Researchers from the University of Surrey have developed a method to transform photographs of dogs into detailed 3D models.
The training material? Not real dogs, but rather computer-generated images from the virtual world of the hit game Grand Theft Auto V (GTA V).
Moira Shooter, a postgraduate research student involved in the study, shared of the study, “Our model was trained on CGI dogs – but we were able to use it to make 3D skeletal models from photographs of real animals.
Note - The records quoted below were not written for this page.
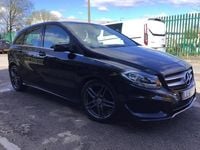 Used Mercedes B200 AMG line 2017 Black MPV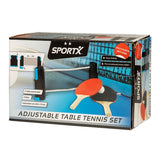 Sportx Rollable Table Tennis Network z 2 nietoperzami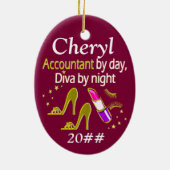STIJLVOL ACCOUNTANT GEPERSONALISEERD ORNAMENT (Achterkant)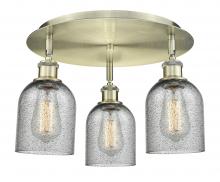 Innovations Lighting 516-3C-AB-G257 - Caledonia - 3 Light - 17 inch - Antique Brass - Flush Mount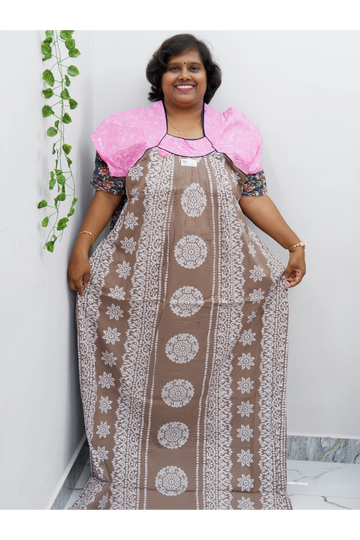 Extra Height Cotton Nighty for Women-Long Length Nighty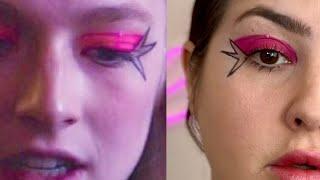 Jules’ Euphoria Hot Pink Eyeshadow Makeup Tutorial | Dreamy & Bold Look 2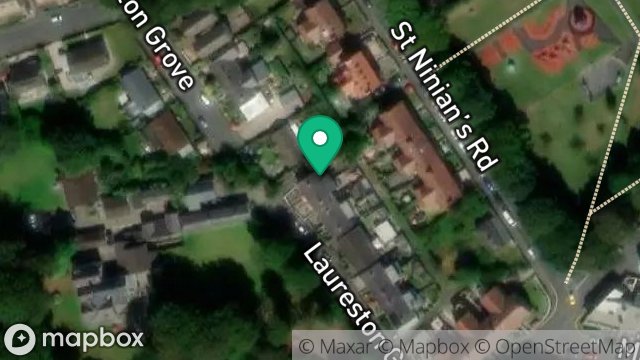 Map showing 8, LAURESTON GROVE, DOUGLAS, ISLE OF MAN, IM2 4BG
That could let conservationists spot injured wildlife, or help artists create more realistic animals in the metaverse.”
To date, methods for teaching AI about 3D structures involve using real photos alongside data about the objects’ actual 3D positions, often obtained through motion capture technology.
However, when applying these techniques to dogs or other animals, there are often too many movements to track, and getting dogs to behave for long enough is tough.
To build their dog dataset, researchers altered GTA V’s code to replace its human characters with dog avatars through a process known as “modding.”
Researchers produced 118 videos capturing these virtual dogs in various actions – sitting, walking, barking, and running – across different environmental conditions.
This culminated in the creation of ‘DigiDogs,’ a rich database containing 27,900 frames of dog movement, captured in a way real-world data collection hadn’t allowed.
With the dataset in hand, the next steps used Meta’s DINOv2 AI model for its strong generalization skills, fine-tuning it with DigiDogs to accurately predict 3D poses from single-view RGB images.
Researchers demonstrated that using the DigiDogs dataset for training resulted in more accurate and lifelike 3D dog poses than those trained on real-world datasets, thanks to the variety in dog appearances and actions captured.
The model’s enhanced performance was confirmed through thorough qualitative and quantitative evaluations.
While this study represented a big step forward in 3D animal modeling, the team acknowledges there’s more work to be done, especially in improving how the model predicts the depth aspect of the images (the z-coordinate).
Shooter described the potential impact of their work, saying, “3D poses contain so much more information than 2D photographs. From ecology to animation—this neat solution has so many possible uses.”
The paper won the Best Paper prize at the IEEE/CVF Winter Conference on Applications of Computer Vision.
It opens the door to better model performance in areas like wildlife conservation and 3D object rendering for VR.